I have often been asked if Judaism has an essence, a central doctrine that runs through from Orthodox to Liberal?” The answer is yes and is spelled out in a text from the Babylonian Talmud: In the hour when a person is brought before the heavenly court for judgment, he is asked:
- Did you conduct your business affairs honestly?
- Did you set aside regular time for Torah study?
- Did you involve yourself in your children’s upbringing?
- Did you look forward to the world’s redemption?

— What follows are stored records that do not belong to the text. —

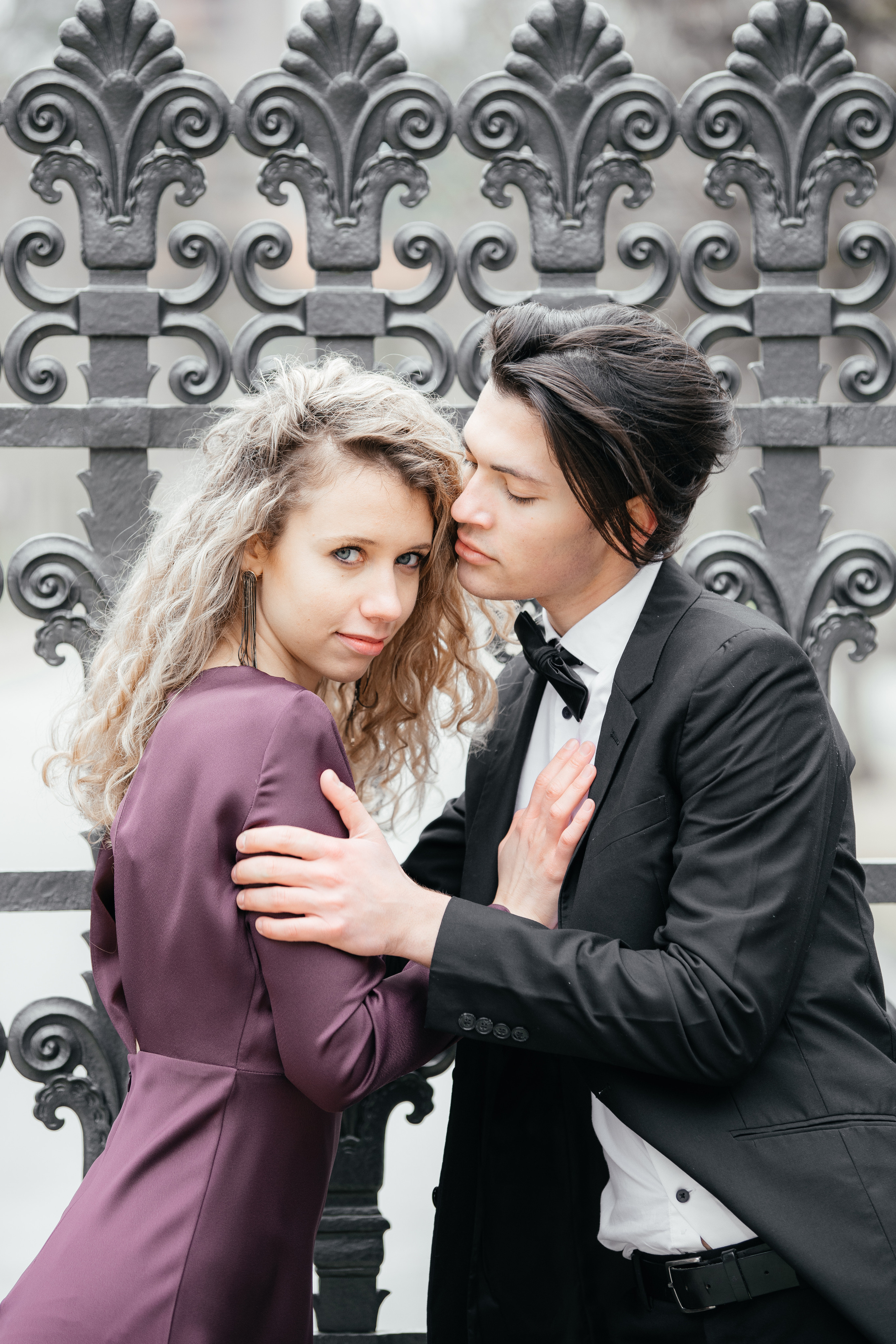 Engagement in Zurich. I am Elena Altendorfer. Wedding photographer in Zurich and Switzerland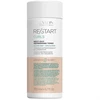 "Revlon Re-Start Curls Next-Day Refreshing Tonikas" plaukų tonikas 200 ml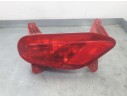 Recambio de piloto trasero izquierdo paragolpes para kia stonic (yb) 1.0 t-gdi referencia OEM IAM 92405H8410  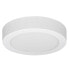 Фото #1 товара Ledvance SMART+ Wifi Orbis Downlight Surface - Smart ceiling light - White - Wi-Fi - 3000 K - 6500 K - 900 lm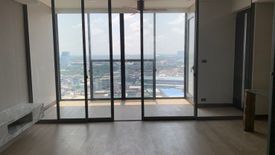 3 Bedroom Condo for rent in Wyndham Residence, Khlong Toei, Bangkok near MRT Queen Sirikit National Convention Centre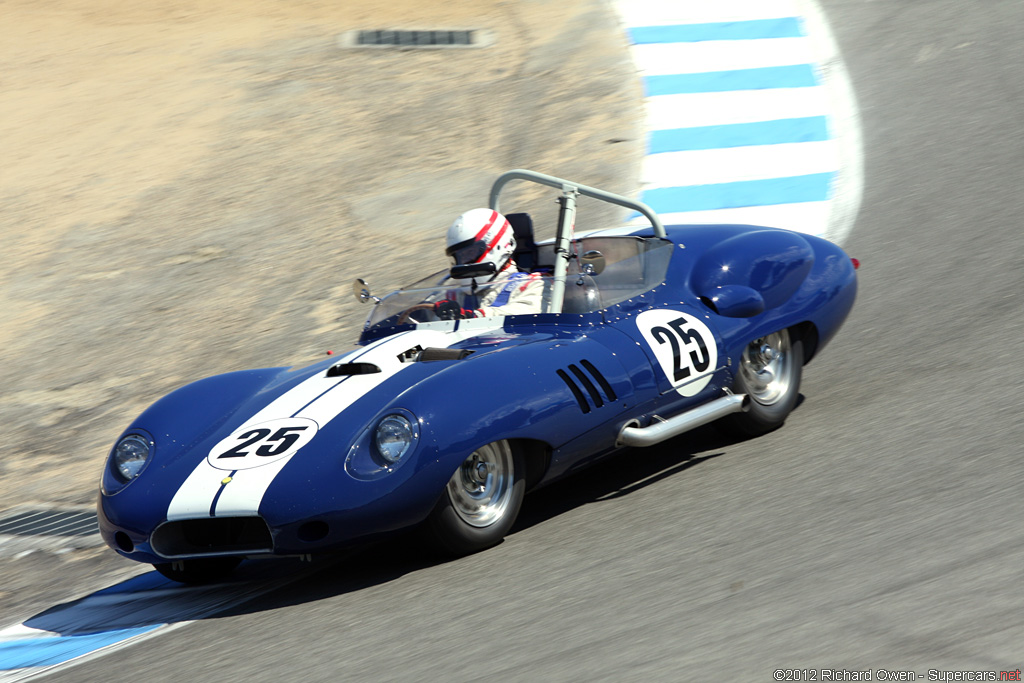 2012 Rolex Monterey Motorsports Reunion-11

Note that the first question on “arriving in heaven” is not “Did you believe in God?” or “Did you observe the ritual commandments?” but “Were you honest in your conduct of business?” In other words, the essence of Judaism is behaviouristic and, specifically, the primacy of ethical action. Our Jewish understanding of religion is that without the quest for moral life, a Jew cannot truly be “religious”. We are defined not solely by our synagogue attendance or observance of Shabbat or kashrut. Commitment to the core values those rituals represent is indeed important but ultimately they prod us towards a more sanctified and ethical life. The goal is decency, as I have stressed many times from the bimah, quoting the great psychologist, Dr Viktor Frankl, who taught that the world is divided into just two groups, “decent” and “indecent”.
The second question asks about our commitment to Jewish study. Rabbinic wisdom holds that study is critical because it leads us to greater selfawareness and a more moral life. Two recent books well worth reading are Martin Goodman’s A History of Judaism and Simon Schama’s Belonging, the second part of his trilogy on the Jewish people. Study, learn, come to our Sunday morning and Monday evening classes and our four-part series in March with St Peter’s Church and our Muslim neighbours.
The third question asks whether we have devoted our lives to children, fulfilling our covenantal obligation to pass on our Jewish values and dreams to the next generation. For those unable to have their own children, our tradition teaches that this duty can still be fulfilled by assisting the children of our community and beyond. Plant those seeds in the next generation. A Jew can never be oblivious to the need to pay attention to the future.
The fourth question challenges us in an extraordinary way, asking whether we worked and hoped for a better world than today’s world. In other words, a Jew is not allowed to stand aloof as the world bleeds. The world is fractured in so many ways and we must ask ourselves what we are doing to improve things. The threat of global terror, global warming, world hunger, crime on our streets, the struggle for Israel to survive, the challenge for freedom (the list goes on), is not “their” struggle, it is “our” struggle.
Rabbi Tarfon, of the 2nd century CE, taught: “It is not your obligation to complete the task of perfecting the world but neither are you free to desist from doing all you can.” We are also guided by Rabbi Hillel (1st century BCE), who wrote that the greatest principle of the Torah is “Love your neighbour as yourself” and Moses Maimonides (12th century): “The purpose of the laws of the Torah…is to bring mercy, loving-kindness and peace upon the world.”
I wish you all a good start to the new secular year 2018. May it be a time for growth, education, and goodness, the core of our Jewish commitments.